中には眠ってはおらずつまらなさそうな顔をしたままベッドの中に入った王馬がいた。
「えっと、気分はどう?」
「サイアクだよ。別に平気だって言ったのにさ〜!東条ちゃんだって大袈裟だってちょっと体温が高かったくらいで…ぶっ倒れたわけじゃないってのに…」
「でも、熱は苦しいものでしょ?だから、王馬くんも本当は朝から辛かったんじゃないの?」
「ーーさあな。」
「え?」
「オレは嘘吐きだからさ。熱を引いていようがいないが、関係ないんだよ。オレだってもう嘘を吐いてるのか吐いてないのかさえ分からないんだから」
きっと熱を引いているから、普段言うことはない王馬の心からの本心であることが伺えた。
「…じゃあ、ゴン太が気づけて良かった」
「はぁ?」
「王馬くんがわからないんだったらゴン太が王馬くんのこと気づけるようにするよ!」
「…オレの嘘に引っ掻き回されてばっかのお前にできると思えないけどね〜!」
「できるよ!ううん、できるようになる!ゴン太、王馬くんのこと大好きだから…無理してほしくないから、だから王馬くんが無理してたら今日みたいに気づけるようになれるように頑張るよ!」
「…オレが、無理してたらお前が気づくようにするって…そんなにオレと一緒にいるつもり?」
「え、ずっと一緒にいるんじゃなかったの…?」
共にいる未来を信じて疑ってないという獄原の様子に思わず王馬は笑ってしまう。
「ははっ、ほんっとゴン太ってば期待を裏切らないよな〜!さいっこう〜!ひーー…おかし…ははっ、あははっ…」
「そ、そんなに笑うこと?」
「笑うだろ!オレみたいな嘘吐きと一緒にいることを諦めてないとこなんてさ。
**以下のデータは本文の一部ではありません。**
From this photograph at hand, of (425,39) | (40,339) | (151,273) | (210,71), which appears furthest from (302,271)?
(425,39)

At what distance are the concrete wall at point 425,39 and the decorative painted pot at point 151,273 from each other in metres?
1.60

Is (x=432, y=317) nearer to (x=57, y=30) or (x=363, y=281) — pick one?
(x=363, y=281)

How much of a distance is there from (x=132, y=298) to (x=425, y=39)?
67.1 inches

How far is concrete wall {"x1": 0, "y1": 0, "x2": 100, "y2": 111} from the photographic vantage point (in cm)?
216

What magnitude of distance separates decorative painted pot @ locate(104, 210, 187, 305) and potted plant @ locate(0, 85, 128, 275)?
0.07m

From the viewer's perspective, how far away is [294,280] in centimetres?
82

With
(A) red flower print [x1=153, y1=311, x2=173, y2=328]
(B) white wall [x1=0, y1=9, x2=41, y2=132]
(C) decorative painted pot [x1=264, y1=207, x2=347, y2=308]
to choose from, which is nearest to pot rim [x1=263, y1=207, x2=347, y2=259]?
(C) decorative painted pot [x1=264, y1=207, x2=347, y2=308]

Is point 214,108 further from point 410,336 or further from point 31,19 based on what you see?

…ま、そこがお前のいいとこなんだろうけどさ」
そうしてひとしきり笑った後王馬は獄原を手招いた。そのまま獄原にキスしようとするがそれは大きな獄原の手によって阻まれてしまう。
「何、この手…」
「ちゅ、ちゅーはだめだよ!…王馬くんの熱が引くまで、風邪が治るまでだめ!」
「えー…オレの気持ちを弄んでおいてそんなこと言うんだ…ゴン太ってばひど〜い」
めそめそと泣き真似してみたけれど獄原はダメの一点張りだった。
「ちぇ〜分かったよ」
「う、うん…あ、でも…その、王馬くん」
「うん?」
もじもじとした様子でそっと獄原は顔を近づけると王馬に小さく耳打ちをする。
「あの、でも…風邪が治ったらいっぱい、ちゅー、しようね?」
「!…ゴン太、お前…っ!」
「えへへ、」
そう、照れ笑う獄原につられるように王馬は顔を赤くさせる。
「〜〜〜、マジで風邪治ったら覚えておけよ」
「うん!」
嬉しそうに笑うものだからはーー、と王馬は息を吐く。
「寝る!…から、手、繋いでてくれよゴン太」
「うん、お安い御用だよ!」
ああ、早く風邪なんて治ってしまえばいいのに。そして早く獄原の唇に噛み付くようにキスをたくさんしてしまいたいーーと煩悩を何度も浮かべながら獄原の体温をじんわりと感じながら薬の副作用が効いてきたのか、眠りに入る王馬だったーー。